Аркадий Натанович считал, что продолжать тетралогию некуда, трилогию на тот момент. Тем не менее «Белого ферзя» они задумали, где утверждалось, что их мир вымышлен, что сама коллизия надумана, но, к счастью, они не сумели это написать: написали пролог и все. Успенский с Лазарчуком хотели это написать, но потом почему-то передумали или не получили благословения. Я думаю, что Лазарчук мог бы написать.
Дело в том, что поставить точку в мире Полудня или, во всяком случае, точку в эволюции люденов, можно было только одним способом: примерно показать, куда делся Тойво Глумов. Но, к сожалению, Стругацкие об этом не задумались даже. Хорошую идею вы мне подали — написать повесть о том, что делает Тойво Глумов после того, как он перестал быть видимым. Вот Тойво приходит к Асе, к жене, а Ася его не видит, не узнает его. Есть три великолепных Аси в русской литературе: Ася Глумова в «Волны гасят ветер», «Ася» в «Улетающем Монахове» и Ася в «Очаге на башне» Рыбакова. Это три одинаково прекрасных женщины, неможечко демонических, каждая по-своему. Но Глумов, помните, говорит ей при расставании: «Милая ты! И мир твой милый». Но он это говорит уже с высоты своего люденства. Поэтому нужно написать «Волны гасят ветер-2», где Тойво Глумов ходит среди них, а они его не видят.
Я часто думал об этом, «часто думал об этом ужасном семейственном романе», простите за цитату. Я написал в «Русском Пионере», у меня была такая «Лекция о чуде» — этот рассказ сейчас вошел в сборник «Песнь заполярного огурца». Там есть такая история, что человек перестает быть видимым для окружающих. На «Нон/фикшне» мне рассказали, что там было несколько человек, в разное время мне знакомых. Я никого из них не видел. Или это мое свойство зрения, или это их свойство, что они исчезают. Исчезают какие-то женщины из своей жизни, ты ничего о них не знаешь, никакого следа; пытаешься найти, а они как будто стерли себя.
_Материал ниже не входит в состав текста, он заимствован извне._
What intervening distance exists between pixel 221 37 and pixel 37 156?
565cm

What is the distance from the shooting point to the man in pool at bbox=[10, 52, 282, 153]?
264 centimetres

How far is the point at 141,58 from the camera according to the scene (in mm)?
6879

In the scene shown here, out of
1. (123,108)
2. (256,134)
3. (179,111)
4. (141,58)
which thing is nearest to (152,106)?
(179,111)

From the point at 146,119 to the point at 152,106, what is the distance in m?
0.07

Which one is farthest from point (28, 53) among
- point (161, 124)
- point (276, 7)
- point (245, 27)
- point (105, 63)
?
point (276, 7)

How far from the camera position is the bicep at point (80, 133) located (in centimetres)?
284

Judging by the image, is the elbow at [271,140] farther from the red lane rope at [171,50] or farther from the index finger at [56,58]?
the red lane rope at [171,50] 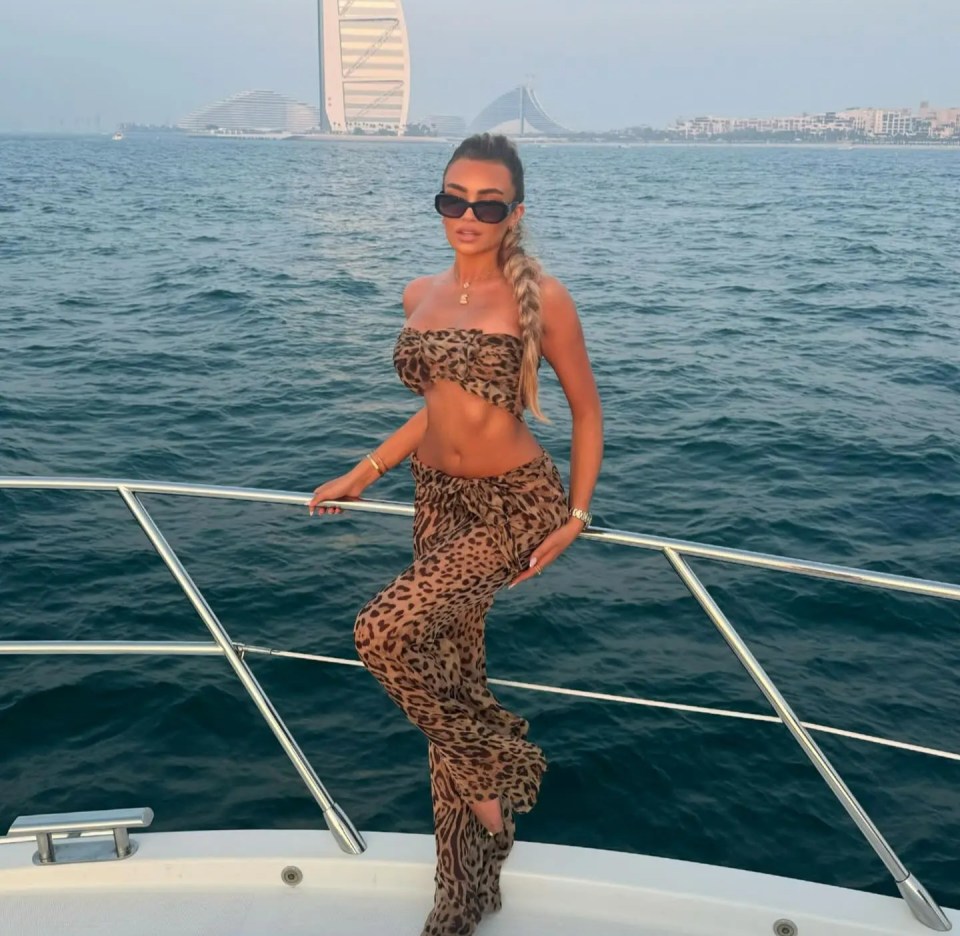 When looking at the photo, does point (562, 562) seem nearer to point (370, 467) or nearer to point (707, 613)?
point (370, 467)

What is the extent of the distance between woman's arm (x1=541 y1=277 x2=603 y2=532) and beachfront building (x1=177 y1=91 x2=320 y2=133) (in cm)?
19301

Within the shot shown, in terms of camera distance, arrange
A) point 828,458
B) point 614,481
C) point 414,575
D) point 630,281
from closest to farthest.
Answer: point 414,575
point 614,481
point 828,458
point 630,281

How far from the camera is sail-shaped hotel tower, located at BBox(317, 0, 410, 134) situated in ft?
440

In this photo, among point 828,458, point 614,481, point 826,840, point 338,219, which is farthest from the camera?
point 338,219

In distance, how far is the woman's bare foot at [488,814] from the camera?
2352 millimetres

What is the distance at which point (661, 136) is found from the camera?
549ft

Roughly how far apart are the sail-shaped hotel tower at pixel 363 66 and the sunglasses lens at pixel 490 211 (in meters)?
142

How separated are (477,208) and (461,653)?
955 millimetres

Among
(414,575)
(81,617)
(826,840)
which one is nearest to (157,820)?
(81,617)

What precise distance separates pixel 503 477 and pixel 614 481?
790cm

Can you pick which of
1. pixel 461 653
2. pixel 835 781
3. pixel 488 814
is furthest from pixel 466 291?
pixel 835 781

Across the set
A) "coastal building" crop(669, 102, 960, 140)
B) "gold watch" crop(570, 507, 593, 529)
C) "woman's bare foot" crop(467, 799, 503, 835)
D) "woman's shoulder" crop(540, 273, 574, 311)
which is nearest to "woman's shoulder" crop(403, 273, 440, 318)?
"woman's shoulder" crop(540, 273, 574, 311)

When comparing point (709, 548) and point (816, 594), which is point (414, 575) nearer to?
point (709, 548)

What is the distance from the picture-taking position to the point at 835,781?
2225mm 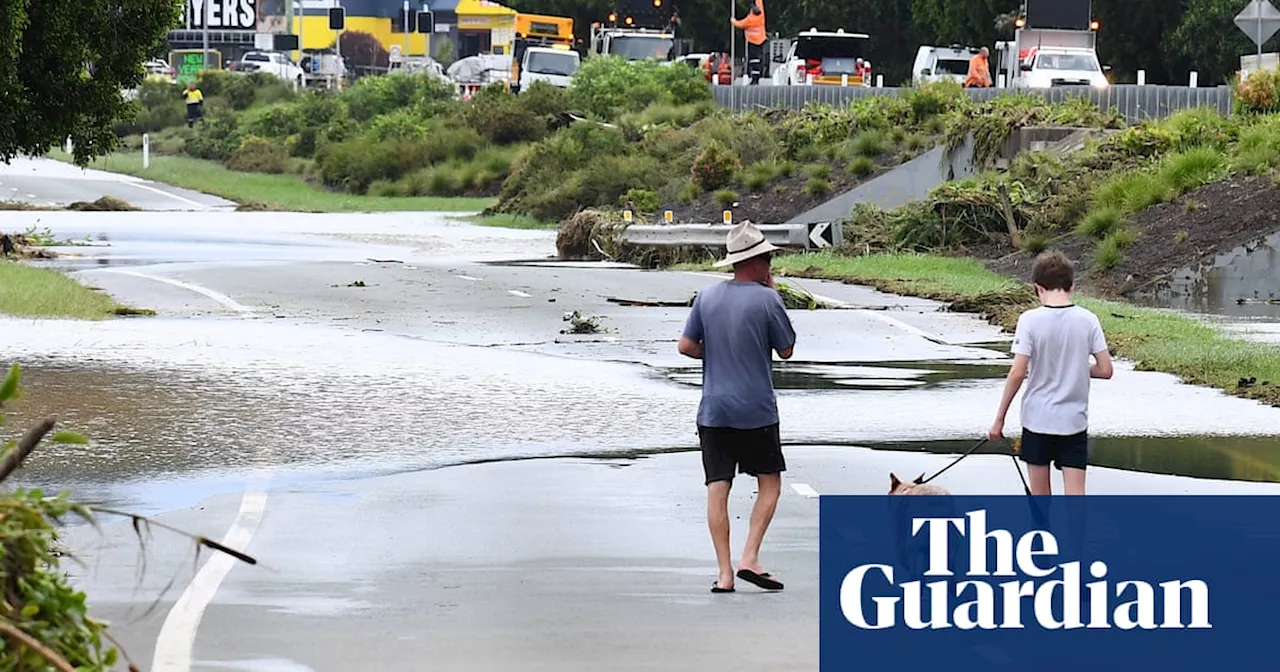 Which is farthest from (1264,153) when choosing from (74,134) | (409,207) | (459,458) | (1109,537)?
(409,207)

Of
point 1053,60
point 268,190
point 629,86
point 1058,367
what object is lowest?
point 268,190

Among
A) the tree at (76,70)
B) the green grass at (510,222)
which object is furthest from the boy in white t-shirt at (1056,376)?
the green grass at (510,222)

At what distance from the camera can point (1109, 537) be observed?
1041cm

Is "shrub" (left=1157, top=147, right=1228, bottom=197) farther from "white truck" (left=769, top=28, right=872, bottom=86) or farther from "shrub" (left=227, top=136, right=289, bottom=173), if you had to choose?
"shrub" (left=227, top=136, right=289, bottom=173)

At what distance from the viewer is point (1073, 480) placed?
974 centimetres

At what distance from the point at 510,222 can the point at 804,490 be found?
33.2 meters

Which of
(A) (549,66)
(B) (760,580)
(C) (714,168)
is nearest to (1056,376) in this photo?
(B) (760,580)

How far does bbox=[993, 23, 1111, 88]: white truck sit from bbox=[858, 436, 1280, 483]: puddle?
3448cm

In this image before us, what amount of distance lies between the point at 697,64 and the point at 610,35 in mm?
2960

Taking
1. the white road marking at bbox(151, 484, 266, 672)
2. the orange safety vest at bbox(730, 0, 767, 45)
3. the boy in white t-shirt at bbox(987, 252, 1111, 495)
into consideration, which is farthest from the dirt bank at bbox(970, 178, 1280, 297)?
the orange safety vest at bbox(730, 0, 767, 45)

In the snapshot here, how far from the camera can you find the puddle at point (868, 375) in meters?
18.1

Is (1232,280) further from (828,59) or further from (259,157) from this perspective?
(259,157)

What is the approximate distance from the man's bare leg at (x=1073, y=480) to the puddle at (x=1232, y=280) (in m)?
17.5

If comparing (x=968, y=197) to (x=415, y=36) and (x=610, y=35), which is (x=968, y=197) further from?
(x=415, y=36) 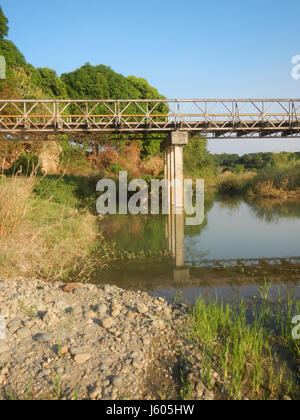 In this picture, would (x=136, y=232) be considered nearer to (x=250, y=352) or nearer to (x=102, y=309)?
(x=102, y=309)

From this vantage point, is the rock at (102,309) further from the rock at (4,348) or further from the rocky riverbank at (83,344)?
the rock at (4,348)

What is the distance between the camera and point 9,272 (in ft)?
16.5

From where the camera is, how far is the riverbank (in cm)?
253

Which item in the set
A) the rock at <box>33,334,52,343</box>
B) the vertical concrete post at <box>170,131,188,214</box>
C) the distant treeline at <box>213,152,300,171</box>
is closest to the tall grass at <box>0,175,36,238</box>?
the rock at <box>33,334,52,343</box>

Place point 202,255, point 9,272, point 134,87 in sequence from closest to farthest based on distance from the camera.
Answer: point 9,272 → point 202,255 → point 134,87

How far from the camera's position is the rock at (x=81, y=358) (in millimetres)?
2771

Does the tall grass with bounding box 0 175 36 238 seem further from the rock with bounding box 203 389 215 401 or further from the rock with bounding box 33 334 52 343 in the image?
the rock with bounding box 203 389 215 401

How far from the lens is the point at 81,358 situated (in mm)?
2795

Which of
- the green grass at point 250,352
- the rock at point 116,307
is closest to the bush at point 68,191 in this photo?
the rock at point 116,307

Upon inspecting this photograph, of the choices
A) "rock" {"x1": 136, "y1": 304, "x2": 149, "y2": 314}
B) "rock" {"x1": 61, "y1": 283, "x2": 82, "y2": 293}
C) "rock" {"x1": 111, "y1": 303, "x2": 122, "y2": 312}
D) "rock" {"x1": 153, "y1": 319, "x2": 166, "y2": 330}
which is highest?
"rock" {"x1": 61, "y1": 283, "x2": 82, "y2": 293}

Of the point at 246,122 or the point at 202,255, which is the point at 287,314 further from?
the point at 246,122

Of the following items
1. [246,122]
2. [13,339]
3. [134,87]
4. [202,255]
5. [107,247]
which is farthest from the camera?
[134,87] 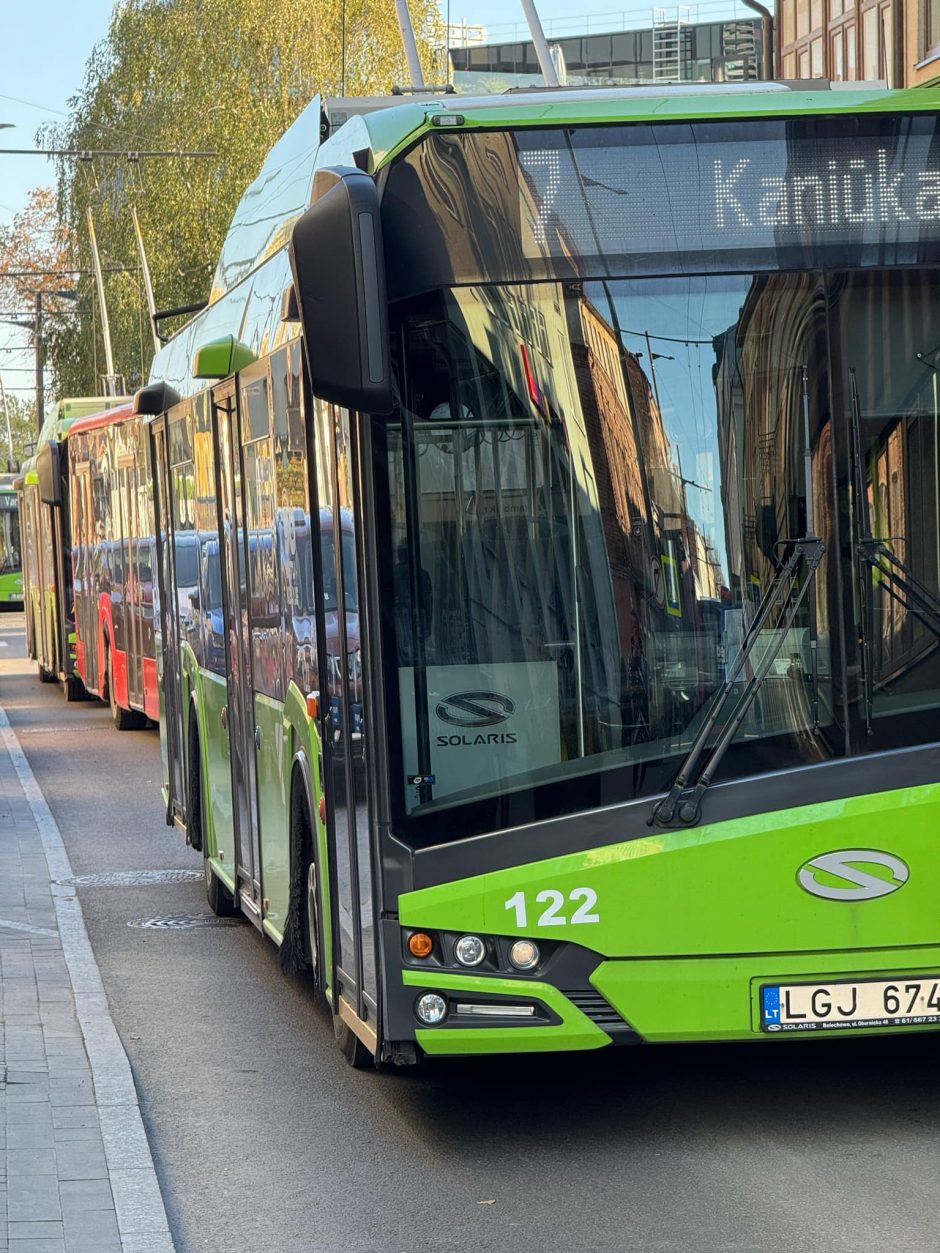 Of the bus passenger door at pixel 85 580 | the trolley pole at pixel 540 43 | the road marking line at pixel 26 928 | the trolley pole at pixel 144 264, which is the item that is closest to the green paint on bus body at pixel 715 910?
the road marking line at pixel 26 928

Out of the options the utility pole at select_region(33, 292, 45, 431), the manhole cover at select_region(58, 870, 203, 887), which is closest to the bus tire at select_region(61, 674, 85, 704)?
the manhole cover at select_region(58, 870, 203, 887)

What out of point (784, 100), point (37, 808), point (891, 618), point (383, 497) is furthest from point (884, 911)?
point (37, 808)

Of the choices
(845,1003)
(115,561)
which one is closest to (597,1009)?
(845,1003)

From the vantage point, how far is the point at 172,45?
44.5 m

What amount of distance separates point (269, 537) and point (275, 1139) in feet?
7.77

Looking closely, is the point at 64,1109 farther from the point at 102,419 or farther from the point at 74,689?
the point at 74,689

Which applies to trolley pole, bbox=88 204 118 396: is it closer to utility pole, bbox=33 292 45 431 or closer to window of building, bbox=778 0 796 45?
utility pole, bbox=33 292 45 431

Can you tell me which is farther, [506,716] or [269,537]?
[269,537]

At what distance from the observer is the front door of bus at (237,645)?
9020mm

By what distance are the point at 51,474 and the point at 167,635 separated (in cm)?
1646

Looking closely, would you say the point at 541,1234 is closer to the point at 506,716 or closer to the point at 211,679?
the point at 506,716

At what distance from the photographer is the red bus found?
21.9 m

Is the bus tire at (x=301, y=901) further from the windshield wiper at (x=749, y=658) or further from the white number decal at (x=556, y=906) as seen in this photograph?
the windshield wiper at (x=749, y=658)

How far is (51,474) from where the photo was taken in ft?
93.1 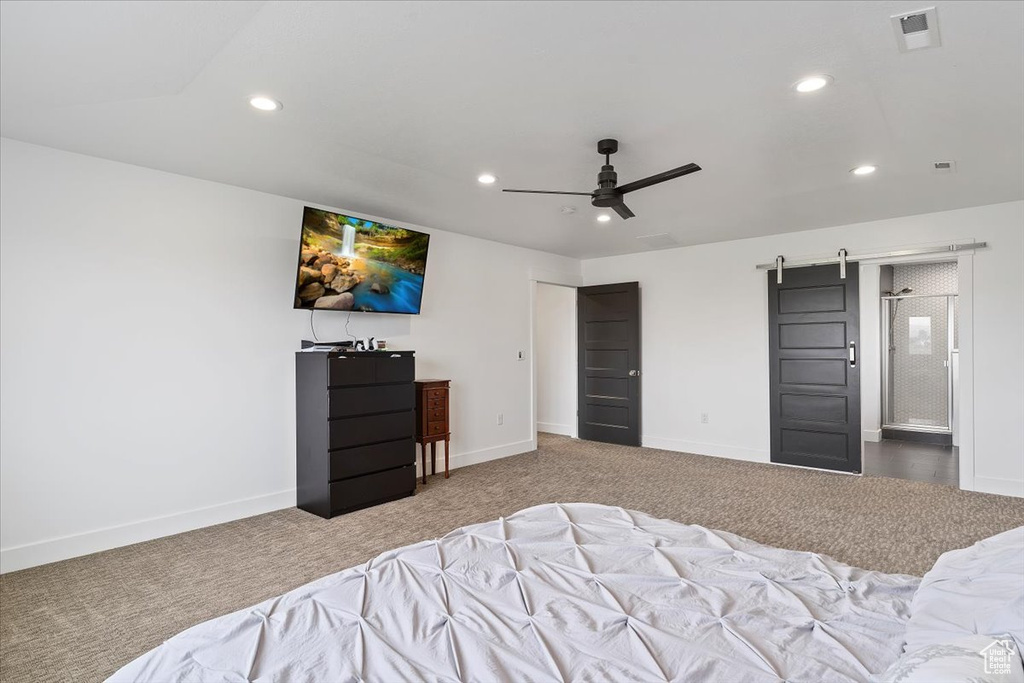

Вот, мне кажется, возвращение Тойво Глумова: он приходит в кабинет к Каммереру и говорит: «Здравствуйте! Я вернулся». А он смотрит в окно и не видит. Потому что он и Абалкина, как вы помните, уже с трудом удерживал в темпе своего восприятия. Какая грустная могла бы получиться вещь, какая пронзительная! Напишите, если захотите. По-моему, интересно. По-моему, здесь есть перспектива.